* [DIRECTIONS] Your reply should consist of one number: how many lines below contain "Horse".

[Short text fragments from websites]

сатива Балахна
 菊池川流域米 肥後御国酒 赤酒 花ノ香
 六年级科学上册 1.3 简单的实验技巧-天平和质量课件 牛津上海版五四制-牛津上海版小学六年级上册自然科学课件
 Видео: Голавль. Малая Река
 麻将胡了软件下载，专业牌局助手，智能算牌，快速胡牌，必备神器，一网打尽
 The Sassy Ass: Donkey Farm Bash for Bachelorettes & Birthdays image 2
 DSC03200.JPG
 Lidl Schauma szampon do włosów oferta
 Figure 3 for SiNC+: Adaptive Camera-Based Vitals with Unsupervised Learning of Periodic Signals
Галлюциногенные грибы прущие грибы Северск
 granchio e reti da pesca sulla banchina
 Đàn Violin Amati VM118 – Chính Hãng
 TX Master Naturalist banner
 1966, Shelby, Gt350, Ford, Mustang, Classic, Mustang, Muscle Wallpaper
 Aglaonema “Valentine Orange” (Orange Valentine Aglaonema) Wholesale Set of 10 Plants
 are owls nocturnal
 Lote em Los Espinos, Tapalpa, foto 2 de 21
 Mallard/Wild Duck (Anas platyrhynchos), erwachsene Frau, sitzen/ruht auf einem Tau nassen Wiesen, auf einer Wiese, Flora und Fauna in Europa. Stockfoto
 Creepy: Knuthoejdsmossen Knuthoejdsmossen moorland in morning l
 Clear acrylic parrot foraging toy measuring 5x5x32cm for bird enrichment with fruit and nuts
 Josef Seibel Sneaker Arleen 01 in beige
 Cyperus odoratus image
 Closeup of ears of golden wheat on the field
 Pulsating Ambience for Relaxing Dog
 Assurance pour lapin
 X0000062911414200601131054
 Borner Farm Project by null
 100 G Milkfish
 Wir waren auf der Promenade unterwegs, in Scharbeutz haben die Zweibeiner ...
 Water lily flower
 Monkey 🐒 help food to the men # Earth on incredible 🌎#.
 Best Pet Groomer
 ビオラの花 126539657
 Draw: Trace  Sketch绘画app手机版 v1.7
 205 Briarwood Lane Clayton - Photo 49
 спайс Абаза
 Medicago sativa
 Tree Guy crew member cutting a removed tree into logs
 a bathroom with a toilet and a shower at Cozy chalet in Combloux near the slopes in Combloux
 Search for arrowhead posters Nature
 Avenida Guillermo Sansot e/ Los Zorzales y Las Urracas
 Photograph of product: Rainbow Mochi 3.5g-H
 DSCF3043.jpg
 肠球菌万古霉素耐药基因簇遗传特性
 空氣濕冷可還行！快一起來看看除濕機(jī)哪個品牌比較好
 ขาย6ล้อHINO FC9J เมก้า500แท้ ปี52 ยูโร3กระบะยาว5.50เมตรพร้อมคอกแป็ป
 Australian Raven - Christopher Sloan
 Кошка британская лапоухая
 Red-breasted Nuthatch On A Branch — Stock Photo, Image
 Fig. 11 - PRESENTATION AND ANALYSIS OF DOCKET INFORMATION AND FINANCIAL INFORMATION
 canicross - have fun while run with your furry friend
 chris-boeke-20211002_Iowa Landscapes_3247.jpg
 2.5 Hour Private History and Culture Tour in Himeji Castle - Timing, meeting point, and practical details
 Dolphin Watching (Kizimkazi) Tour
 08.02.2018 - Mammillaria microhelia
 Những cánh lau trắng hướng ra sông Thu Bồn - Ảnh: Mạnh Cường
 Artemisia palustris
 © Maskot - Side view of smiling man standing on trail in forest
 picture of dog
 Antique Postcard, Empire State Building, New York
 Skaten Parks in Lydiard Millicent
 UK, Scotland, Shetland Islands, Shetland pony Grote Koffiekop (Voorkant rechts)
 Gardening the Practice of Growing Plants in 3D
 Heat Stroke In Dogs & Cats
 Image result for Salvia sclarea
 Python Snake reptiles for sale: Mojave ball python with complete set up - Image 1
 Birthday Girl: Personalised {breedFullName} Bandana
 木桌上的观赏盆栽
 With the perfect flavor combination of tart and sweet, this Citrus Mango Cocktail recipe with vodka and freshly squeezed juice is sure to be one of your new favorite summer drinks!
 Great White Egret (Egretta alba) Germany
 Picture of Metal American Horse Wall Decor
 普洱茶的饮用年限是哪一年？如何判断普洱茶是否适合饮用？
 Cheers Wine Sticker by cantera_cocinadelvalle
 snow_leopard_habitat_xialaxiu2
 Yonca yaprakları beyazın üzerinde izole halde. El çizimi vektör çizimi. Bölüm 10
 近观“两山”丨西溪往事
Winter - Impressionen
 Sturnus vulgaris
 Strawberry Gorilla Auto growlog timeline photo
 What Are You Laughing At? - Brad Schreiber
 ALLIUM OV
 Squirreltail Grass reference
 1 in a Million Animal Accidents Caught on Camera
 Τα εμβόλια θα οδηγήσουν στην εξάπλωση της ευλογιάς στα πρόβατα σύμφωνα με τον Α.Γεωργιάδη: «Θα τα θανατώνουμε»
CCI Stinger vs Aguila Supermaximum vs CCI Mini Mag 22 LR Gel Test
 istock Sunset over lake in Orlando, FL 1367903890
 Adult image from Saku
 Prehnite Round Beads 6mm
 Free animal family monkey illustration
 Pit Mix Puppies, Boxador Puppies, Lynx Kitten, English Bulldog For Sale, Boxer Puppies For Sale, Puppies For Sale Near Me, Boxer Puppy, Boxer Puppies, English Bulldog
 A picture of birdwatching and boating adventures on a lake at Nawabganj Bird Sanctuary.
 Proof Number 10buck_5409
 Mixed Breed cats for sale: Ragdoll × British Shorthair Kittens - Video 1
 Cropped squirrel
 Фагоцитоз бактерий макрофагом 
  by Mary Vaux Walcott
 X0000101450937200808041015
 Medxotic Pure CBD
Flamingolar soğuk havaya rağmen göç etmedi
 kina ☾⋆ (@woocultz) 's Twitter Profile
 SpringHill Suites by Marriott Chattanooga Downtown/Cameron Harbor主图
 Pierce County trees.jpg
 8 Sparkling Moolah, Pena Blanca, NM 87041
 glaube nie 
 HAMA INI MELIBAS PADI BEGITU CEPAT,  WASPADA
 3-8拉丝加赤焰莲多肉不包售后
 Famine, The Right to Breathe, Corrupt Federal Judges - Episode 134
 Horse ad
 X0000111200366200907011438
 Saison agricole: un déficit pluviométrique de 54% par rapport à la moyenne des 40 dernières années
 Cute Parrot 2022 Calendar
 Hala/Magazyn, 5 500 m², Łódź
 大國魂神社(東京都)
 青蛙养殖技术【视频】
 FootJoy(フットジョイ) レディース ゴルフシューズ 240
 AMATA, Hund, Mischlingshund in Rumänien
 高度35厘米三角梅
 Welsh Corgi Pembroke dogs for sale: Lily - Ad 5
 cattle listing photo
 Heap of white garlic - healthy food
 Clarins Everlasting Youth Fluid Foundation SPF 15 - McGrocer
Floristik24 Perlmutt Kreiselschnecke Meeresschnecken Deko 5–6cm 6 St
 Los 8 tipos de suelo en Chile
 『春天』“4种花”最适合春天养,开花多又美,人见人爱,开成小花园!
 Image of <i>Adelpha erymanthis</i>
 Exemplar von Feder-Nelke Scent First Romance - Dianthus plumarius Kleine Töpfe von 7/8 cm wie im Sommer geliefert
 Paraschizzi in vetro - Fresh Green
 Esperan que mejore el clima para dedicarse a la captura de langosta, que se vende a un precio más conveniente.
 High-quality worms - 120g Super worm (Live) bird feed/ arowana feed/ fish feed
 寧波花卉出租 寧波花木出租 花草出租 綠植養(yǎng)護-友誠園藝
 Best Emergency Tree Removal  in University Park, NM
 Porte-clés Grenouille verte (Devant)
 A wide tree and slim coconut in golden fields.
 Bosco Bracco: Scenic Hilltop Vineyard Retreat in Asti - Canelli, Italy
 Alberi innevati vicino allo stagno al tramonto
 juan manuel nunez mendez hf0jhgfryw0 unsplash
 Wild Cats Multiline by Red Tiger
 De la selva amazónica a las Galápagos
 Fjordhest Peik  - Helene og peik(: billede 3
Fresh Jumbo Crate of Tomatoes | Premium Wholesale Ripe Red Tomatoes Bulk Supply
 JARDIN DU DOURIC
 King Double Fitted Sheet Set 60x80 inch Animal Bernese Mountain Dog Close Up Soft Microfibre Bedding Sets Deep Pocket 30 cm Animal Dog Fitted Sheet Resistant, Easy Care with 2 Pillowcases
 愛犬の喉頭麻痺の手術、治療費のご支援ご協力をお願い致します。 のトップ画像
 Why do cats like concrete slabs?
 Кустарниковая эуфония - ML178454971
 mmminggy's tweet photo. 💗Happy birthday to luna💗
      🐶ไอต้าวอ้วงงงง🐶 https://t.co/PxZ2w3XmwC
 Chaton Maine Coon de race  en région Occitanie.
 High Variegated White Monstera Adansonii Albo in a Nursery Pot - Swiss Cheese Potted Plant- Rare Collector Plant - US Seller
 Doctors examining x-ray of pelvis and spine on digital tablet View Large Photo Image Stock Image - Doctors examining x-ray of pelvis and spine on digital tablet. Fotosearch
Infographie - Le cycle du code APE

* [ANSWER SPACE] 2